O ministro Lewandowski, apesar de ter posição contrária à restrição do alcance do foro, também aderiu à divergencia parcial aberta pelo ministro Alexandre de Moraes, no sentido de excluir da regra do foro por prerrogativa de função a apuração de crimes praticados antes da diplomação do parlamentar. “A solução protege o parlamentar de ação judicial de natureza temerária que possa afetar o pleno exercício do mandato”, afirmou.

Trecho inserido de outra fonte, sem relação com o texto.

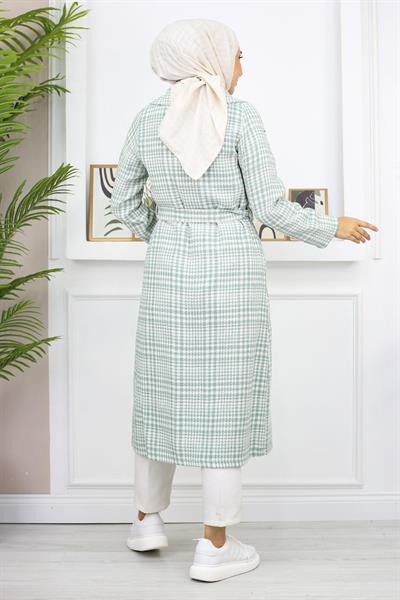 Ekoseli Şanel Kaşe Kaban Mint 19137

Em seu voto, ele manifestou reservas quanto à decisão do tema por meio de questão de ordem, questionando os números apresentados para justificar a mudança da regra. Segundo o ministro, os processos de natureza penal em curso no STF são 5% dos casos, enquanto a maior parte do trabalho da Corte está em ações envolvendo a União e a Fazenda Pública. “Não parece ser lícito à Corte conferir interpretação restritiva à regra de foro para reduzir o estoque de processos em uma questão de ordem, muito menos alegando uma mutação constitucional, sem que tenha havido mudança substancial no plano fático”, destacou.

Quanto ao marco final para a manutenção da competência do STF, o ministro afirmou que se pronunciará sobre a questão ao final do julgamento, levando em consideração as posições apresentadas no Plenário, visando estabelecer o momento de forma mais precisa e com segurança.